Kutangkap, para pegawai Restoran Selat Solo Tenda Biru di atas sedang mengirim pesan penting: Setiap pegawai harus menyadari bahwa rasa memiliki dan bertanggung jawab atas lembaga tempatnya bekerja adalah tugasnya. Skala dan besarannya memang mengikuti level jabatan dan tanggung jawab yang disandangnya. Tapi, rasa memiliki dan bertanggung jawab atas perjalanan dan nasib lembaga adalah kewajiban setiap diri pegawai yang ada di dalamnya. Maka, mementingkan agenda dan kepentingan pribadi sejatinya hanya akan membunuh nasib lembaga. Karena pasti yang akan mengemuka adalah kepentingan personalnya, lebih daripada kepentingan institusionalnya. Padahal, bekerja di sebuah lembaga sejatinya bukan untuk kepentingan personal semata, melainkan lebih-lebih juga untuk mewujudkan dan memuliakan kepentingan lembaga.
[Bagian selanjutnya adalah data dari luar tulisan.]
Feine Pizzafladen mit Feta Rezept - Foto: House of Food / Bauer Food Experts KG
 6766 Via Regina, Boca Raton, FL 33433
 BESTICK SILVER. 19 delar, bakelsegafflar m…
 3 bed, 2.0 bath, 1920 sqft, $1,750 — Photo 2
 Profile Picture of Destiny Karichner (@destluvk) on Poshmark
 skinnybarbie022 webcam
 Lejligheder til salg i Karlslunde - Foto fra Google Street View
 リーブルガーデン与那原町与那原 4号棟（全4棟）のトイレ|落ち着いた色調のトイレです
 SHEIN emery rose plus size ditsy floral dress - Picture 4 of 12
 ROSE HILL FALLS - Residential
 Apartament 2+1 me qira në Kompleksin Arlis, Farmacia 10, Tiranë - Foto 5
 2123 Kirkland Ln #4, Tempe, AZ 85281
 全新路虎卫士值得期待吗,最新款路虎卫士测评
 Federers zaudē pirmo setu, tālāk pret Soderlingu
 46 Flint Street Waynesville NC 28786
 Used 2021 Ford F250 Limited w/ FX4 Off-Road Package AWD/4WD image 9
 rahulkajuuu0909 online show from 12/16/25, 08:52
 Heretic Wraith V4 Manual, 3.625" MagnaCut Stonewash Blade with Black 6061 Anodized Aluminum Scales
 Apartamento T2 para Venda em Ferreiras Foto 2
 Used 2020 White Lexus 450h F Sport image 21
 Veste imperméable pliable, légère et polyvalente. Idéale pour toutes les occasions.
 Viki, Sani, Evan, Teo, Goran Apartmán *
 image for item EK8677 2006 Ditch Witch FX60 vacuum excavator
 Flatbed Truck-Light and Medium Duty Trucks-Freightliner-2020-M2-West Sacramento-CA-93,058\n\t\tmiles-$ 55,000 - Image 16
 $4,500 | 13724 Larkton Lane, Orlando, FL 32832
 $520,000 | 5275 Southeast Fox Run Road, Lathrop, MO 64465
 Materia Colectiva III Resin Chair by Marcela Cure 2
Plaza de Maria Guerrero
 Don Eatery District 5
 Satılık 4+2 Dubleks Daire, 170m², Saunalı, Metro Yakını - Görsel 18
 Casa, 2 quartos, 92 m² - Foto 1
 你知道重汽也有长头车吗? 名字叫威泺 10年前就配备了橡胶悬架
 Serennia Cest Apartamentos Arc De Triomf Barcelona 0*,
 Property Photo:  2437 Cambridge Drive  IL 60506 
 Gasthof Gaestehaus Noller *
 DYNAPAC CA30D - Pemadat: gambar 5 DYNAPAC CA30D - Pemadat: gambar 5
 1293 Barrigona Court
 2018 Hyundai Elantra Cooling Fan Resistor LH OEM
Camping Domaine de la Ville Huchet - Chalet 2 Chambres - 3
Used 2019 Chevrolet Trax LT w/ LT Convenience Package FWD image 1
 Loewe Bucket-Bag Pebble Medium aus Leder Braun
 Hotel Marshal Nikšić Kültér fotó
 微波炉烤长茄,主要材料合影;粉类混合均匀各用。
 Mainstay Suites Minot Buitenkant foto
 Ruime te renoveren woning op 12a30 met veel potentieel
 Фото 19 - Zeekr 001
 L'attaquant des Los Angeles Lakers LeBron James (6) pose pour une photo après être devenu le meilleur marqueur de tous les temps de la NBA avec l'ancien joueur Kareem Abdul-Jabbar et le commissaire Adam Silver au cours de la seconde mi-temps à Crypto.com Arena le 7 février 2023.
Maka, setiap diri sudah sepantasnya menghilangkan kata “berkhidmat” saat aktivitasnya di lembaga itu berkonsekuensi pada diperolehnya gaji dan segala pendapatan yang mungkin diterima. Alih-alih, kuatkanlah kata “bekerja” sebagai penggantinya. Jadikanlah “bekerja” sebagai nilai pengikat utama. Sebab, saat seseorang mengatakan “berkhidmat” sementara dia “bekerja”, maka dia bisa kehilangan profesionalisme dalam bekerja itu. Berkhidmat saja memiliki etika dan kode etik tersendiri, apalagi bekerja. Karena itu, nilai dan etika profesionalisme berlaku kuat dalam bekerja. Para pegawai Restoran Selat Solo Tenda Biru di atas telah memberi pelajaran penting bagaimana menunaikan nilai dan etika profesionalisme itu dalam bekerja.